* [How to complete this task]: Reproduce word for word every line from the one containing "A pic from outside/outdoor" to the final line of the data below; omit the pictures.

Top of Data for this exercise

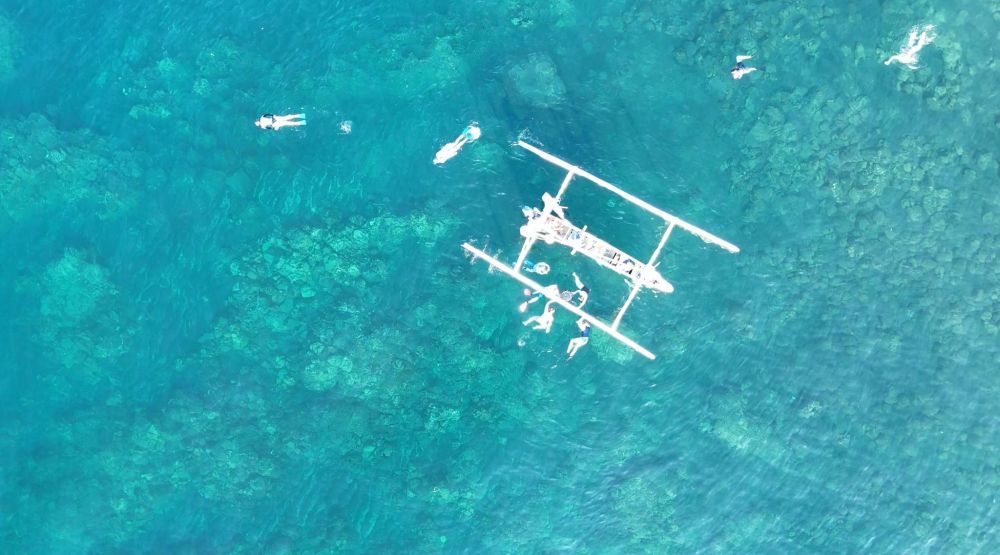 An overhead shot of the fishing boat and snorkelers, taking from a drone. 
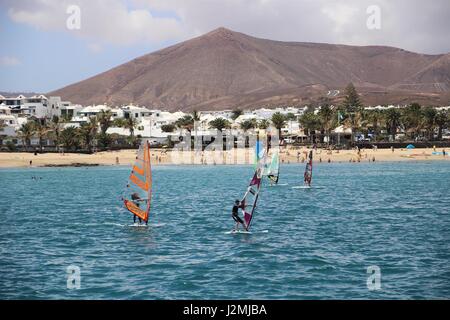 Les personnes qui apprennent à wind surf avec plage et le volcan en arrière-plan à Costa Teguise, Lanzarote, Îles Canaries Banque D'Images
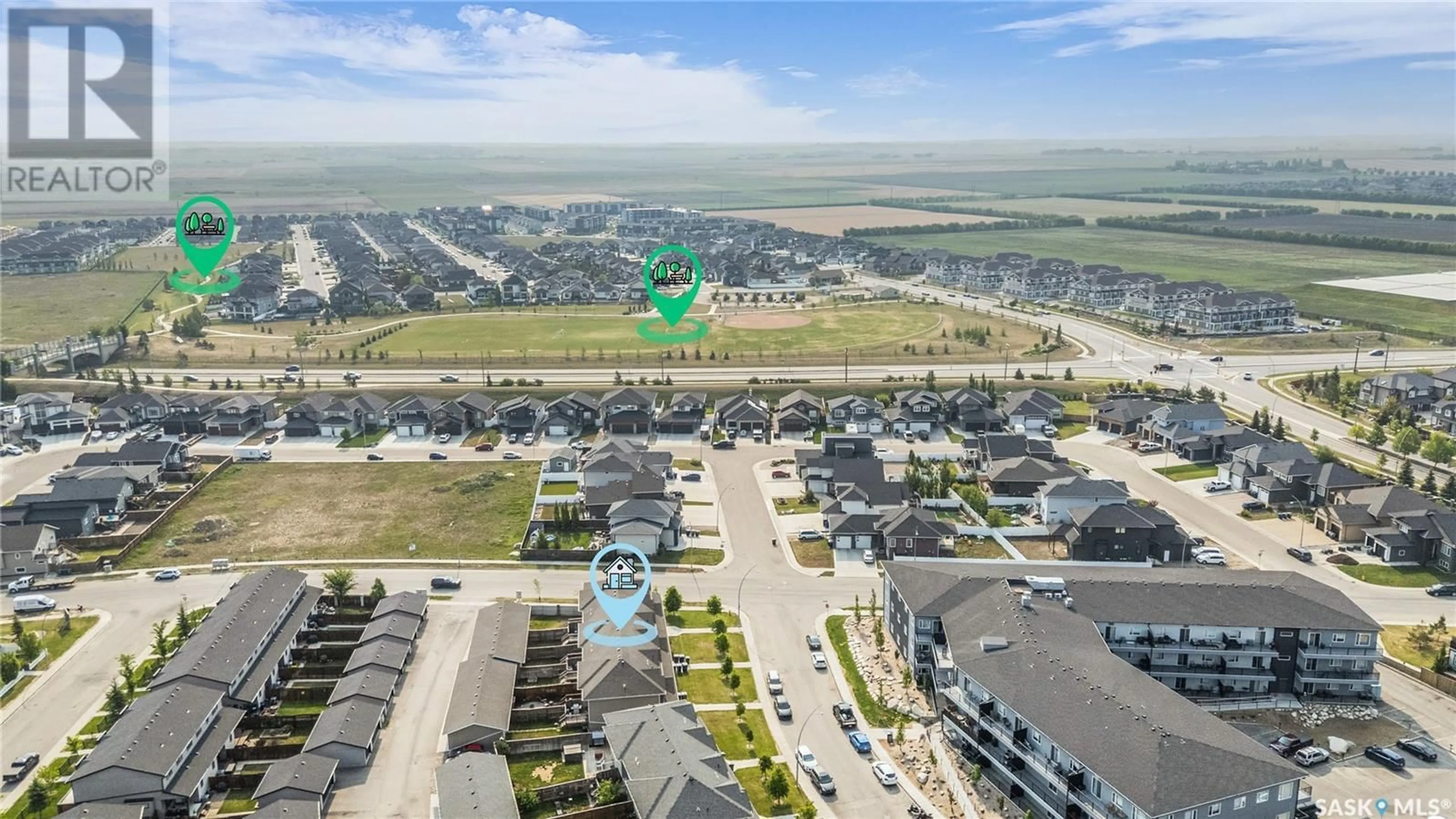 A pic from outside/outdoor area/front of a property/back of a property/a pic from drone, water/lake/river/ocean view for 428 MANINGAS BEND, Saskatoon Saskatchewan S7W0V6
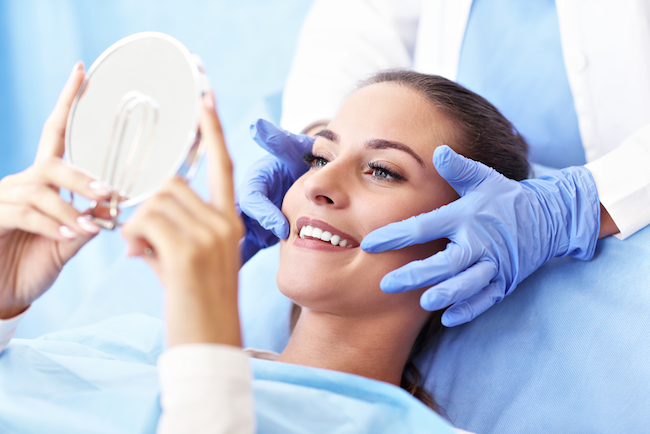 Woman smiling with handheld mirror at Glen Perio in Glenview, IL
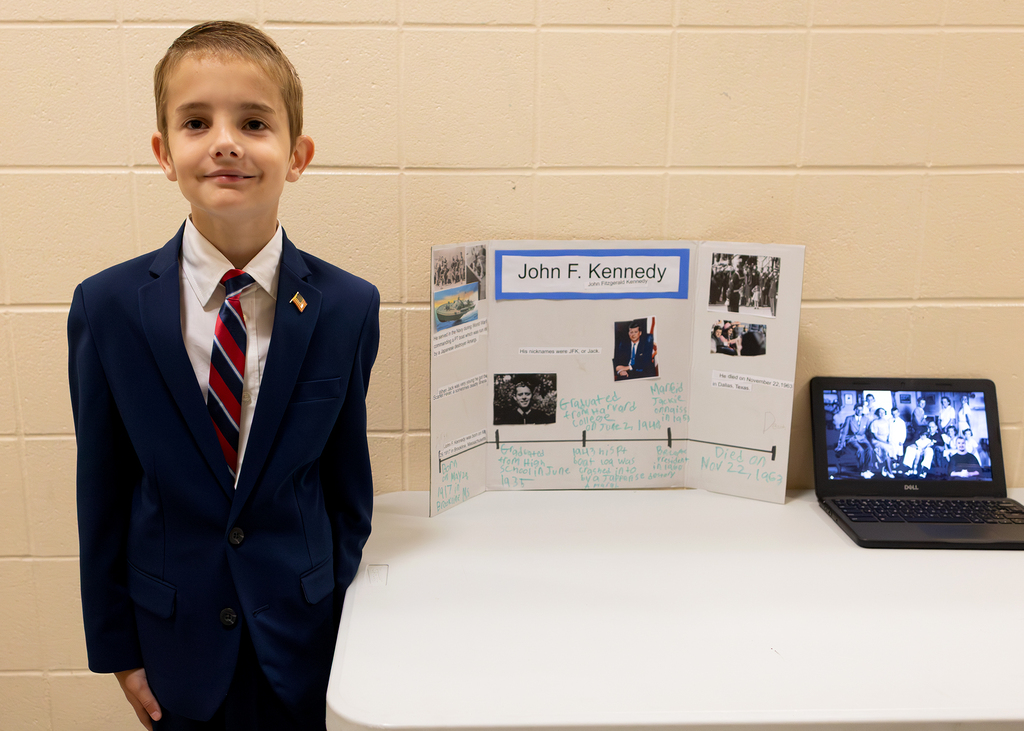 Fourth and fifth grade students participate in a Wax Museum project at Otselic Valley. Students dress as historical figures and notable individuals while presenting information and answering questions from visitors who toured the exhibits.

Bottom of Data for this exercise

* [Solved exercise]:
 A pic from outside/outdoor area/front of a property/back of a property/a pic from drone, water/lake/river/ocean view for 428 MANINGAS BEND, Saskatoon Saskatchewan S7W0V6
 Woman smiling with handheld mirror at Glen Perio in Glenview, IL
 Fourth and fifth grade students participate in a Wax Museum project at Otselic Valley. Students dress as historical figures and notable individuals while presenting information and answering questions from visitors who toured the exhibits.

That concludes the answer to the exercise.